Did the FBI Bury the Truth About DB Cooper?
If you think the FBI started its lying with Hillary and the Russia dossier, you should have been with me 30 years ago when they told me the best suspect in the DB Cooper skyjacking had a solid alibi. Since then, every Thanksgiving, I’ve told the story of Richard McCoy on the radio.
McCoy was a decorated Green Beret and skydiving student but poor as dirt in the fall of 1971. He skyjacked a flight from Portland to Seattle, demanded $200,000 and parachutes, then jumped out the back stairs of the plane and disappeared. I interviewed the former head of the FBI in Utah, who wrote the book on McCoy back in 1992. They figure he lost most of the money in the jump because he planned badly. Some of the decaying bills turned up buried in the sand of the Columbia River.
After the DB Cooper skyjack, Richard McCoy was suddenly flush with cash and spent it. Six months later, he staged a second, nearly identical skyjacking and stashed the money in his attic. But his state police buddy reported his suspicions to the FBI. They caught him and convicted McCoy.

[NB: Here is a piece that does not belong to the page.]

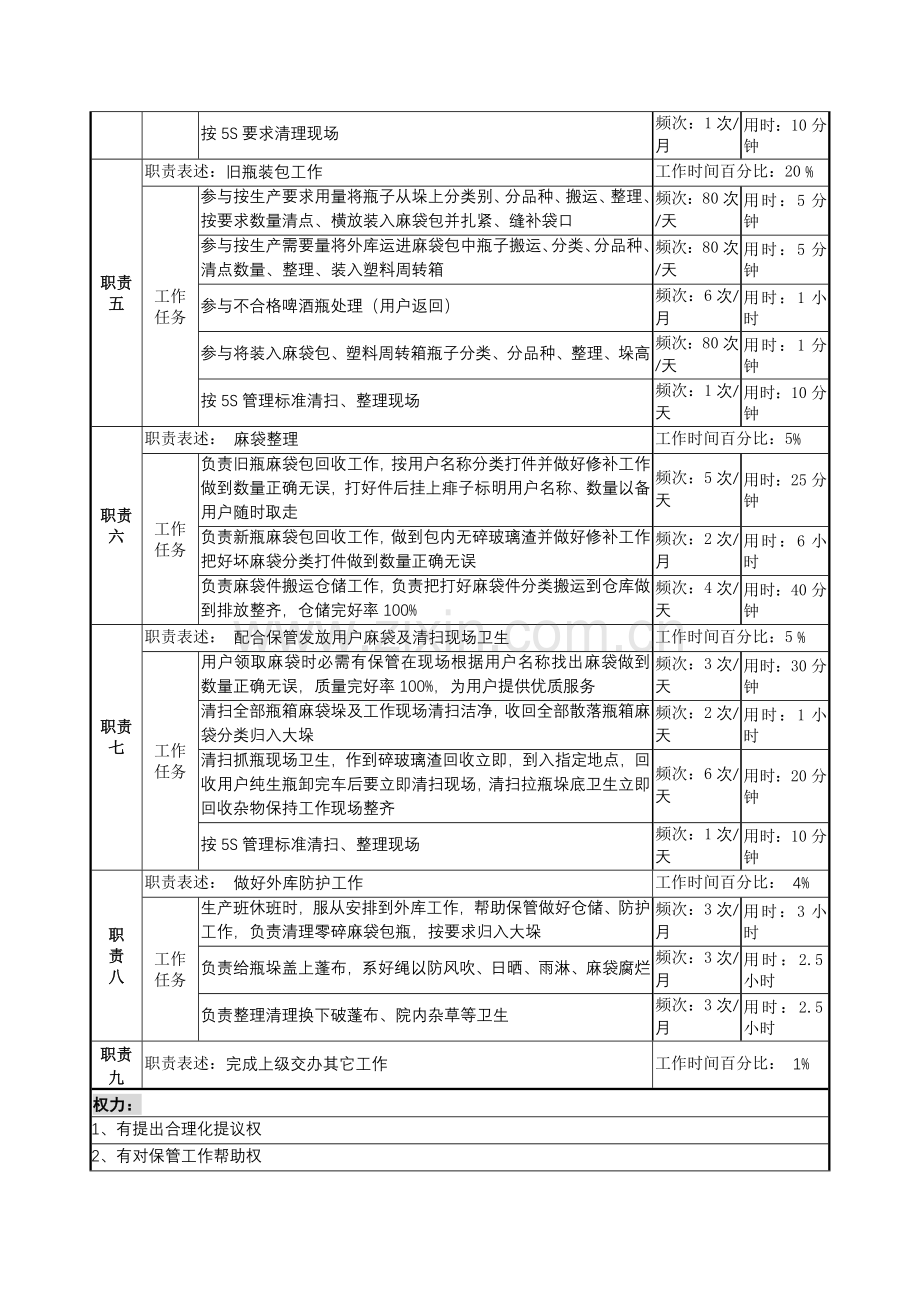 装卸分拣工岗岗位职责说明样本.doc_第2页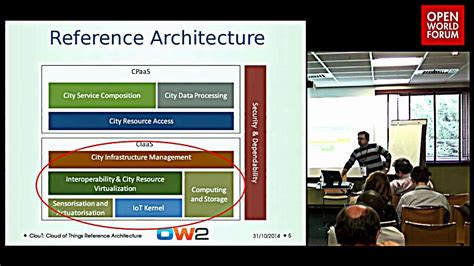Clout Cloud Of Things Reference Architecture Youtube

Twenty years later, the FBI in Seattle told me they’d eliminated McCoy as a suspect because he claimed he was at home with his family—even though they had a gas station receipt showing he was in Vegas the day after the Cooper skyjack. A non-drinking, non-smoking, non-gambling Mormon in Vegas on Thanksgiving? Please.
Both skyjackings began in Las Vegas, a few hours’ drive from McCoy’s home in Provo, Utah. The town would have allowed him to clean up the money at the gambling tables. His wife helped him in the second skyjacking but was never charged. Now, his family tells Jennifer Kocher at Cowboy State Daily that their mom kept a parachute identical to the one packed for Cooper.
It sounds like another example of FBI incompetence. They had the guy in their hands, convicted him of one skyjacking, but never charged him with the Cooper skyjack. McCoy escaped from prison, started robbing banks, and died 50 years ago, on November 9, 1974, in a shootout with the FBI. I guess you could say they closed that case for good.